One tangential point I’d like to pick up on: the question of the standing of the welfare of non-residents in the moral calculus of elected representatives.
Andy asserts that it’s not right for American elected officials to give (great) weight to the welfare of non-Americans, presumably because they ought to be acting as the agents of the citizens rather than as morally free actors. But is that really right?
Formally, the problem of an elected official is similar to the problem of any agent (for example, a professional negotiator). I can see the argument that agents ought to be generous out of their own resources, not out of the resources entrusted to them by others. That suggests that agents should always act purely in the selfish interests of their principals, narrowly defined. But I’m not sure that argument ought to be the end of the discussion.
Not all principals are purely selfish; perhaps the agent should he act instead as the principal would want him to act? Or perhaps the agent should act as the principal ought to want him to act. When I travel on an expense account, I tip the same amount as I would if I were travelling on my own nickel. I could save my principal money by tipping more stingily, or not at all. Should I do so?
Most Americans claim affiliation with religious traditions that commit them to value all human beings; is it obviously wrong for their elected officials to behave as if those “Sunday beliefs” were real?
Again, I don’t want to deny the basic plausibility of the notion that elected officials ought to work for the people who elect them. But I doubt that elected officials should do so exclusively, whether that means pork-barrelling (serving a local rather than a national community) or ignoring the interests of foreigners (serving a national rather than an international community).
And the case for vicarious selfishness is surely weaker the better-off the principal is.
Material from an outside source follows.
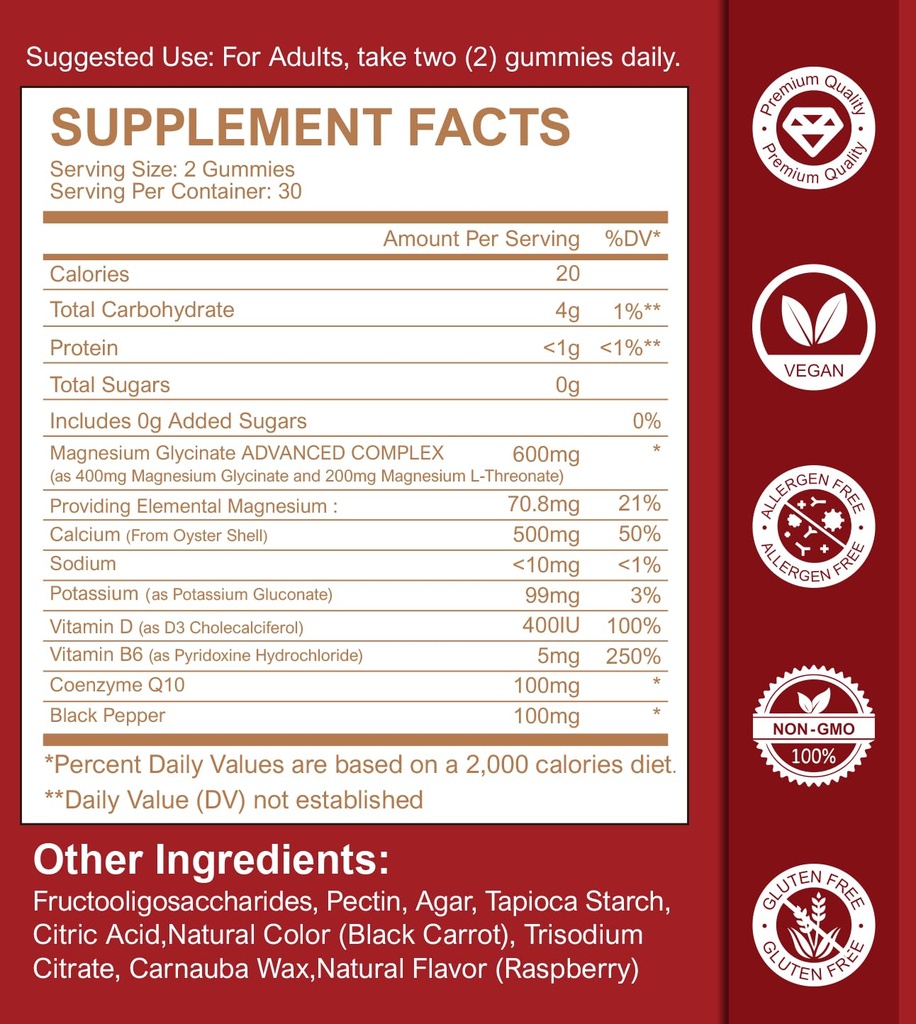 magnesium-glycinate-gummies-sugar-free-m-2.jpg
The United States is the richest nation in the history of the world; even for the relatively poorly-off Democratic constituencies where opposition to free trade is strongest, no one is going to die of malnutrition or exposure as a result of U.S. trade policy. The same can’t be said of Guatemala.
As Cephalus said to Socrates, one of the advantages of being rich is not having to cheat people. We like to think of ourselves as a generous people; that’s a good reason for our government to act generously on our behalf.